A local network address object (X0 Subnet) was auto-created by SonicOS when the X0 LAN interfaces on both firewalls were configured. See the four images below.
- Create VPN Policies on both firewalls, including the below settings.
To start, navigate to Manage | VPN | Base Settings, Add (Contemporary Mode), or VPN | Settings, Add (Classic Mode).
- General Tab:
Type: "Site to Site";
Authentication Method: "IKE Using Preshared Key"
Shared Secret (all other fields are optional for this scenario).
TIP: You can copy / paste the Shared Secret between the two VPN Policy windows. It accepts all ASCII characters. You can toggle the "Mask Shared Secret" checkbox and it will auto-fill the "Confirm Shared Secret" field.
- Two VPN Policy windows spring up when the Add button is clicked on two firewall's web management sessions; the General settings can be typed or copied in on each.
- Network Tab:
Choose an object for both of these on each firewall:
(Choose local network from list;
Choose destination network from list).
- Proposals Tab:
Use Exchange: IKEv2 and choose items for IKE Proposal [DH Group; Encryption; Authentication; Life Time (seconds)] and for IPSec IKE Proposal [Encryption; Authentication; Life Time (seconds)]. In this case I've chosen stronger types of DH Group, Encryption, and Authentication and shorter lifetimes than default. Perfect Forward Secrecy is optional. When enabled, a "DH Group" option is available there. See the below two images.
- Advanced Tab:
At least one side should have the "Enable Keep Alive" checkbox turned on. In this example, the NSa-5600 (Sitka) side has it on. Having both can lead to issues if one of the firewalls has a lot of VPN Policies. Other common features used are "Enable Windows Networking (NetBIOS) Broadcast" and Management via this SA: (HTTPS). The VPN is bound to Zone WAN by default, but it can be configured to specific network interfaces if needed (usually WAN interfaces). See the below two images.

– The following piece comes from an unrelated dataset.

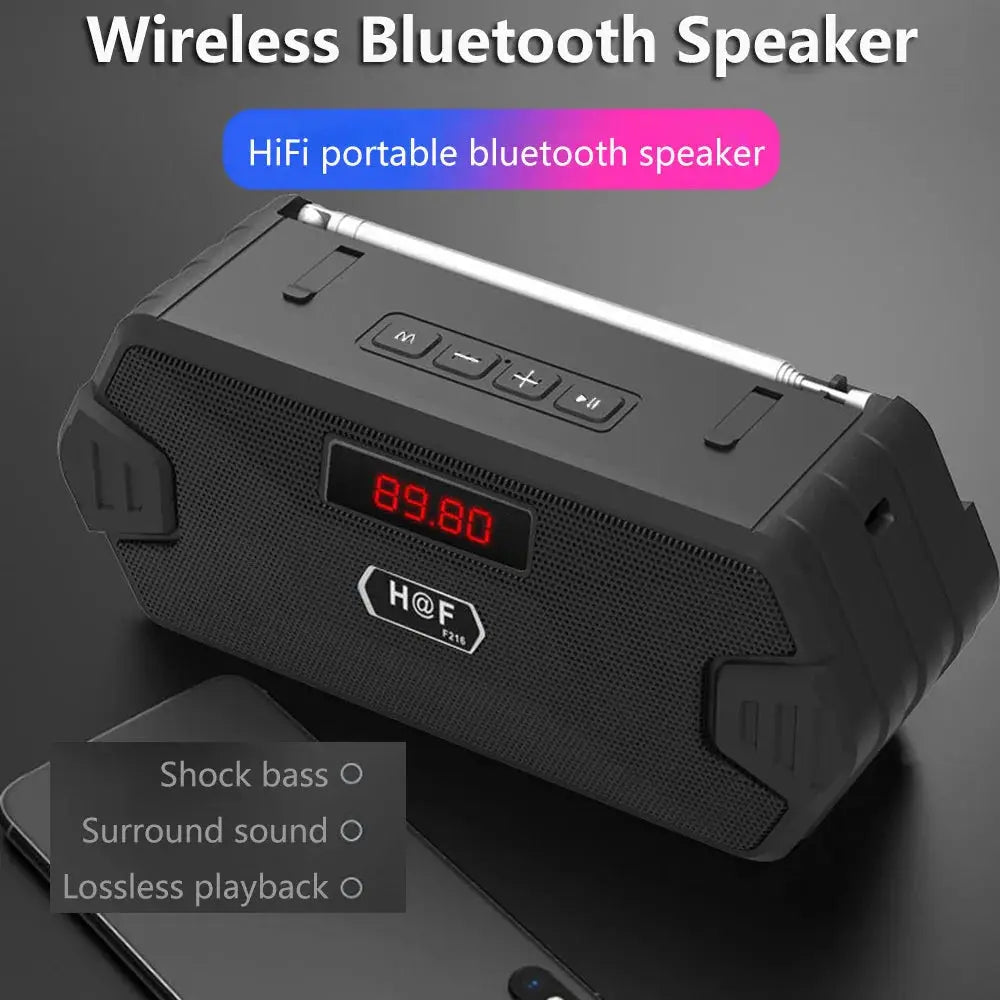 Bass Hifi outdoor portable Bluetooth speaker with LED display and top control panel, black with H@F logo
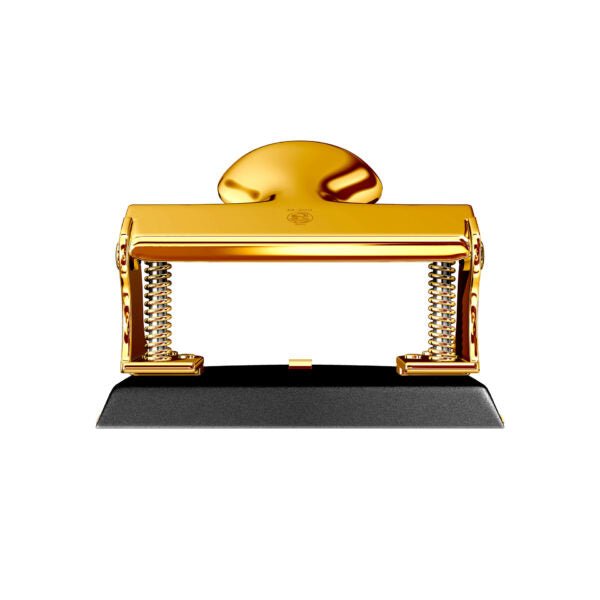 El Casco Black and 23 Kt Gold Plated Two Hole Punch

- If the above steps are done without error, and without enabling other advanced features, both firewalls will have an active VPN Policy (with a green dot indicator) and traffic can flow between the two LANs.
- Traffic can flow because of automated bidirectional access rules between the LAN and VPN zones. The access rules have mouseovers with comments saying they were auto created for (VPN Policy Name). The rules' appearance is not specific to IKEv2 or IKEv1 types.

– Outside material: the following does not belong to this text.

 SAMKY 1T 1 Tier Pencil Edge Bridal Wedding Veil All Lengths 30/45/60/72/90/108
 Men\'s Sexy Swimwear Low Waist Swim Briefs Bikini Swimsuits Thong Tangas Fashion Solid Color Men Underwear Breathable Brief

- The two VM hosts behind the two firewalls involved in the VPN are able to send traffic to each other on ICMP, TCP and UDP, and to the opposite firewall's X0 interface, for ping, HTTPS Management and other management services such as SSH if enabled on the VPN Policy.
- The VM on NSA-5600 X0 Subnet 192.168.56.200 is pinging 192.168.158.243 and is able to HTTPS manage the other firewall on its X0 IP of 192.168.156.50 .
- The VM on NSa-5650 X0 Subnet 192.168.158.243 is pinging 192.168.56.200 and is able to HTTPS manage the other firewall on its X0 IP of 192.168.56.56 .
- The VM on NSA-5600 X0 Subnet 192.168.56.200 is able to use RDP client to access the other VM 192.168.158.243, and the opposite works. The pings in both directions are still going, at a rate of over 1 MBps.